Back in November 2010, the European Commission launched an antitrust investigation into Google after two websites complained. Now, the results are in – and Google could face a suit on its hands, after it found four areas where it may be considered an abuse of its market dominance.
The four areas include:
- Linking of its own ‘vertical’ search services – or search engines that focus on specific topics (like restaurants, news or products). It notes that, “Google displays links to its own vertical search services differently than it does for links to competitors. We are concerned that this may result in preferential treatment compared to those of competing services, which may be hurt as a consequence.”
- How Google copies content from vertical search engines and put it in its own offerings “without their prior authorisation”. It says that by doing this, it is essentially “appropriating” the benefits of others and the Commission is worried that it could reduce incentives to invest of original content from others for the benefit of all internet users.
- Advertising is their third concern – most importantly, the “exclusivity” of the agreement which says that they have to obtain most or all of its advertising from Google. They fear that this will shut out other providers.
- Their fourth concern is the portability of advertising campaigns on its AdWords platform. Basically, they want Google to allow campaigns from AdWords to be easily transferable to other platforms so they could use another platform, but run the same campaign.
The European Commission, however, have said that they are willing to negotiate a “remedies package” – which means Google has to provide ways in easing the concerns of the Commission on the four areas. They have not started any case yet, and Google could stave off a massive fine if they negotiate and are able to find some agreement to the four areas of concerns.
“If Google comes up with an outline of remedies which are capable of addressing our concerns, I will instruct my staff to initiate the discussions in order to finalise a remedies package,” Joaquin Almunia, the Vice President responsible for Competition Policy, said in a statement.
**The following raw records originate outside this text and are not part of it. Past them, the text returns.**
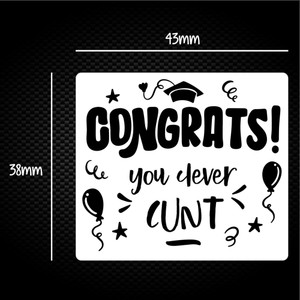 Congrats You Clever Cunt - Rude Sticker Packs - Slightly Disturbed - Image 1 of 1
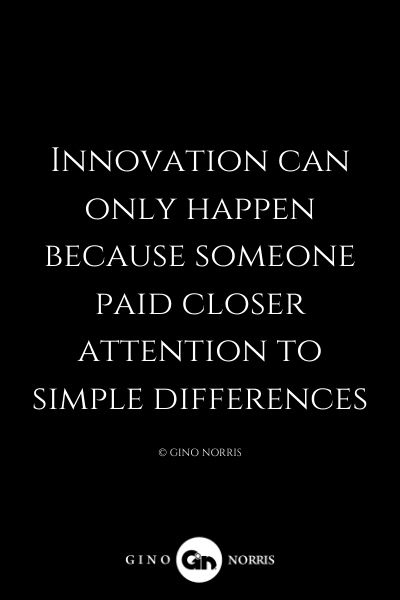 288LQ. Innovation can only happen because someone paid closer attention to simple differences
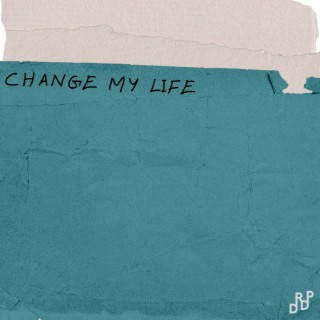 Change My Life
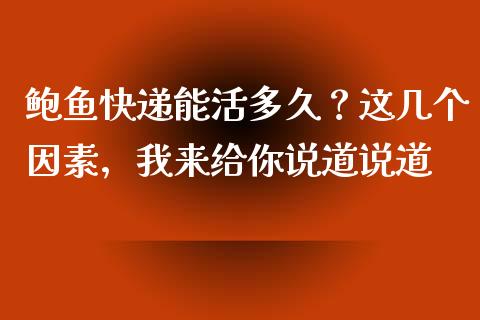 鲍鱼快递能活多久？这几个因素，我来给你说道说道_https://m.letulww.com_期货交易软件_第1张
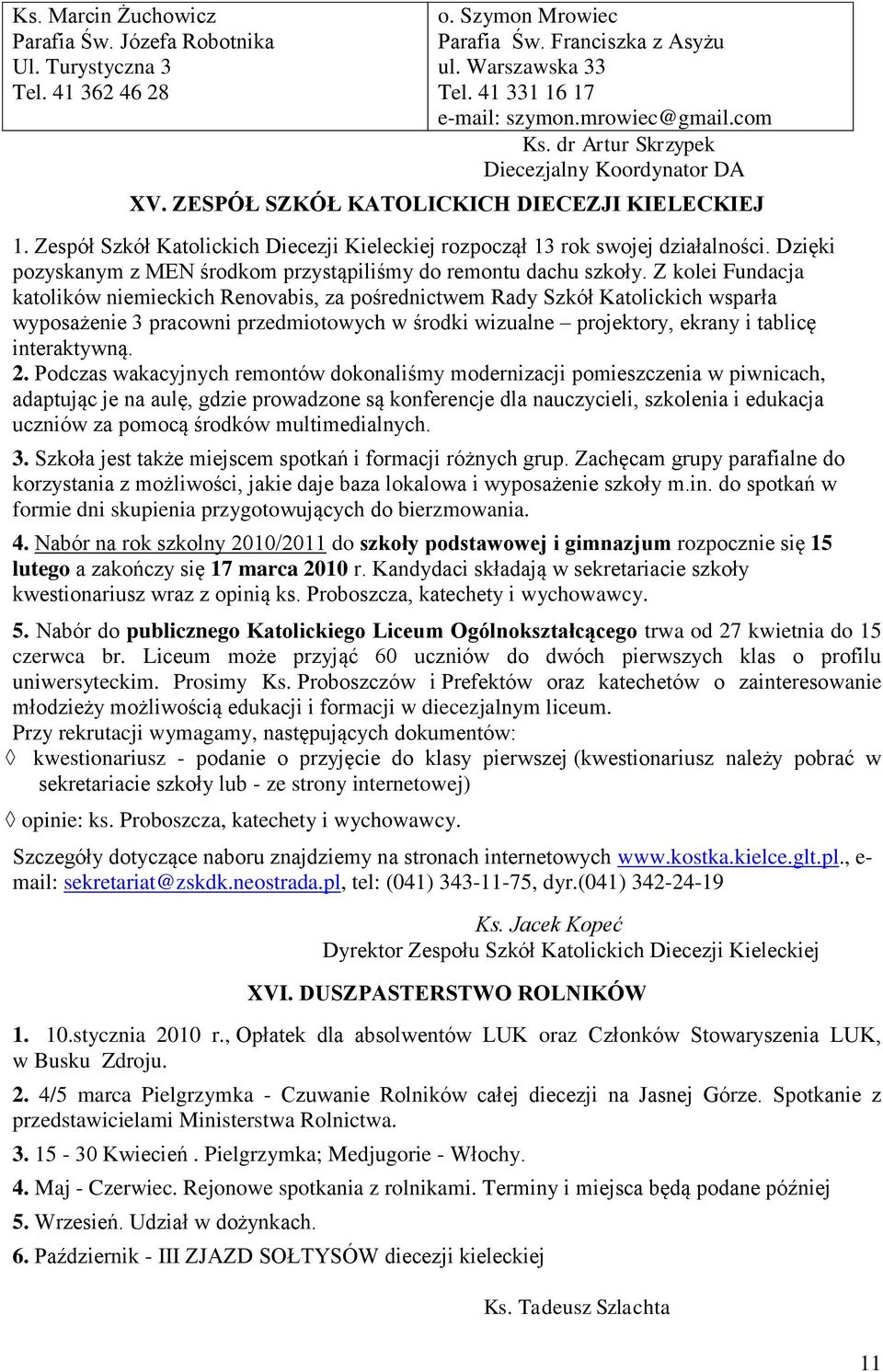 Dzięki pozyskanym z MEN środkom przystąpiliśmy do remontu dachu szkoły.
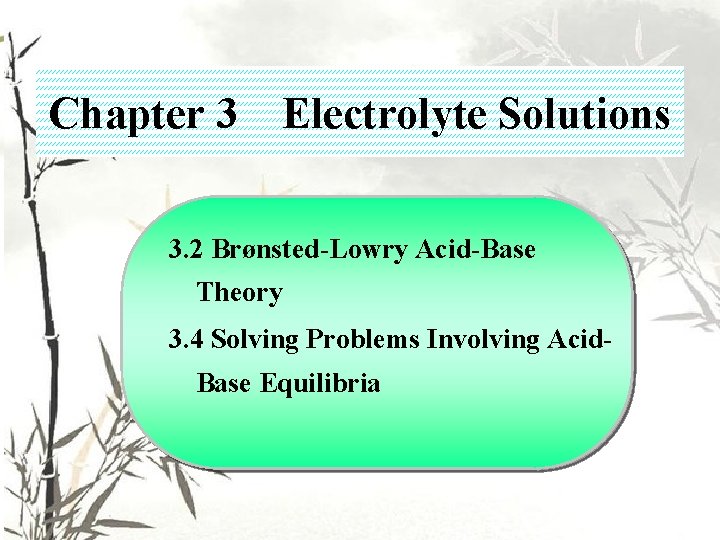 Chapter 3 Electrolyte Solutions 3. 2 Brønsted-Lowry Acid-Base Theory 3. 4 Solving Problems Involving Chapter 3 Electrolyte Solutions 3. 2 Brønsted-Lowry Acid-Base Theory 3. 4 Solving Problems Involving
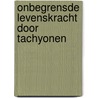 Onbegrensde levenskracht door Tachyonen door C. Opitz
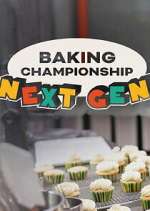 Watch Baking Championship: Next Gen Movies123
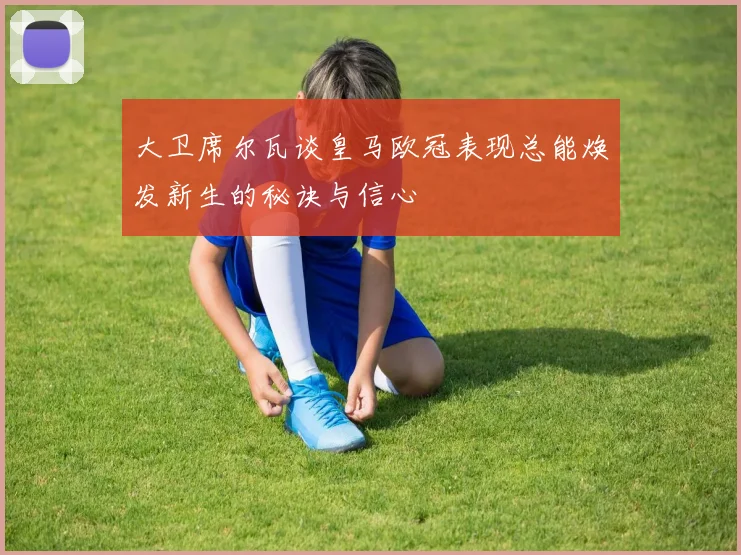 大卫席尔瓦谈皇马欧冠表现总能焕发新生的秘诀与信心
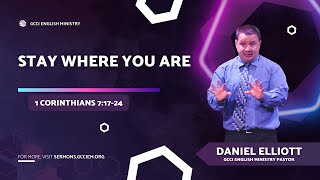 Stay Where You Are | Pastor Daniel Elliott | November 30, 2025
“This would allow to solve our concerns by means of a commitment decision… instead of having to pursue formal proceedings with a Statement of objections and to adopt a decision imposing fines and remedies.”
And if not, then we could see massive fines – like Microsoft and Intel – and be forced to change their policies to comply (only for Europe, however). For Microsoft, the European Commission has basically forced them to allow more competitors – like not allowing Internet Explorer being bundled with Windows 7 (and giving you the option to choose and download another browser).